» TRY IT: All lines from the opening of the data to the line containing "reagálás Nyelvtan: a" must be returned unchanged, and only those lines.

» THE DATA:
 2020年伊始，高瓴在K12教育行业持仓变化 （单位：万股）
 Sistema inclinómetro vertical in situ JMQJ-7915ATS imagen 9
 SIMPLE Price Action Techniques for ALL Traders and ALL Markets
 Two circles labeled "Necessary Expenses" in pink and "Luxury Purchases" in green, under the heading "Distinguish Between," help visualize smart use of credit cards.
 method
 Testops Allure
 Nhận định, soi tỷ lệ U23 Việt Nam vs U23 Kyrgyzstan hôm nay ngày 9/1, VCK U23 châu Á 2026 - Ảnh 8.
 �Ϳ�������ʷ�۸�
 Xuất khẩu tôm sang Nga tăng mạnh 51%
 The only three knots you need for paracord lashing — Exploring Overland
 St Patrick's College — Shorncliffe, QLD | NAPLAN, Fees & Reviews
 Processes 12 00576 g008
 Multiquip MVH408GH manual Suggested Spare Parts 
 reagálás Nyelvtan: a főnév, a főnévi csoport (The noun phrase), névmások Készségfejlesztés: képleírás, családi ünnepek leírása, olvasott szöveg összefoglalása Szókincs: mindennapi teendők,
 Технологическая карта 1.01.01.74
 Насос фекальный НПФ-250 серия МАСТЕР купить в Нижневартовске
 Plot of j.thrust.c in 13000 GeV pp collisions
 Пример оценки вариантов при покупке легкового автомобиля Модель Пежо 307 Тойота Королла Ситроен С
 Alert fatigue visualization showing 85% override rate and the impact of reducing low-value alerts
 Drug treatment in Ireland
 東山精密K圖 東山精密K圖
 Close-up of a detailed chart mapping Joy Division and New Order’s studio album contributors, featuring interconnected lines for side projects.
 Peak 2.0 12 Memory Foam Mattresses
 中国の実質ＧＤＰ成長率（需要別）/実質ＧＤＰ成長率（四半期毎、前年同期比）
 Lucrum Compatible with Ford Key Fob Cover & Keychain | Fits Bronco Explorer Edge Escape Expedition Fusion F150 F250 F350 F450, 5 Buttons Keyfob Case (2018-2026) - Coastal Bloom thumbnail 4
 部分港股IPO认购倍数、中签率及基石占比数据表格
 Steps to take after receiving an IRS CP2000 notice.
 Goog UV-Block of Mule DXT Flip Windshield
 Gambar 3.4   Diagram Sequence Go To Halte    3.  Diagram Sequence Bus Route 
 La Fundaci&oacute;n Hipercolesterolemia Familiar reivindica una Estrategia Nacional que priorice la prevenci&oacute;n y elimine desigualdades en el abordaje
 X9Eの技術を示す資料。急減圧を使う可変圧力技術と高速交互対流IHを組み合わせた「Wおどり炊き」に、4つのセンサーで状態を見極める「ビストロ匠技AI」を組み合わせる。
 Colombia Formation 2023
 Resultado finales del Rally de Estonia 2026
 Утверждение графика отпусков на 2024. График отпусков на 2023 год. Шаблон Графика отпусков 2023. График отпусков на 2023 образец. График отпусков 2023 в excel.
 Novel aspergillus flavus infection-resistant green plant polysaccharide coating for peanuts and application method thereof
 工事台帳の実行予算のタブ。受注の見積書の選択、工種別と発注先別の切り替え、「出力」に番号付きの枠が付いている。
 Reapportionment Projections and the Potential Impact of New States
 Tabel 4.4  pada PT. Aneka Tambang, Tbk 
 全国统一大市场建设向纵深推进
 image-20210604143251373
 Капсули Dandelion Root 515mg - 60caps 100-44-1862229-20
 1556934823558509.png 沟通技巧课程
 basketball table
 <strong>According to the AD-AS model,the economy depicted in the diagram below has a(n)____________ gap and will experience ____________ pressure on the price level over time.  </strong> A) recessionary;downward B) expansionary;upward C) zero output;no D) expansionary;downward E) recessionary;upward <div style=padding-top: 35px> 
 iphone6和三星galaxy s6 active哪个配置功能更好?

» REPLY:
 2020年伊始，高瓴在K12教育行业持仓变化 （单位：万股）
 Sistema inclinómetro vertical in situ JMQJ-7915ATS imagen 9
 SIMPLE Price Action Techniques for ALL Traders and ALL Markets
 Two circles labeled "Necessary Expenses" in pink and "Luxury Purchases" in green, under the heading "Distinguish Between," help visualize smart use of credit cards.
 method
 Testops Allure
 Nhận định, soi tỷ lệ U23 Việt Nam vs U23 Kyrgyzstan hôm nay ngày 9/1, VCK U23 châu Á 2026 - Ảnh 8.
 �Ϳ�������ʷ�۸�
 Xuất khẩu tôm sang Nga tăng mạnh 51%
 The only three knots you need for paracord lashing — Exploring Overland
 St Patrick's College — Shorncliffe, QLD | NAPLAN, Fees & Reviews
 Processes 12 00576 g008
 Multiquip MVH408GH manual Suggested Spare Parts 
 reagálás Nyelvtan: a főnév, a főnévi csoport (The noun phrase), névmások Készségfejlesztés: képleírás, családi ünnepek leírása, olvasott szöveg összefoglalása Szókincs: mindennapi teendők,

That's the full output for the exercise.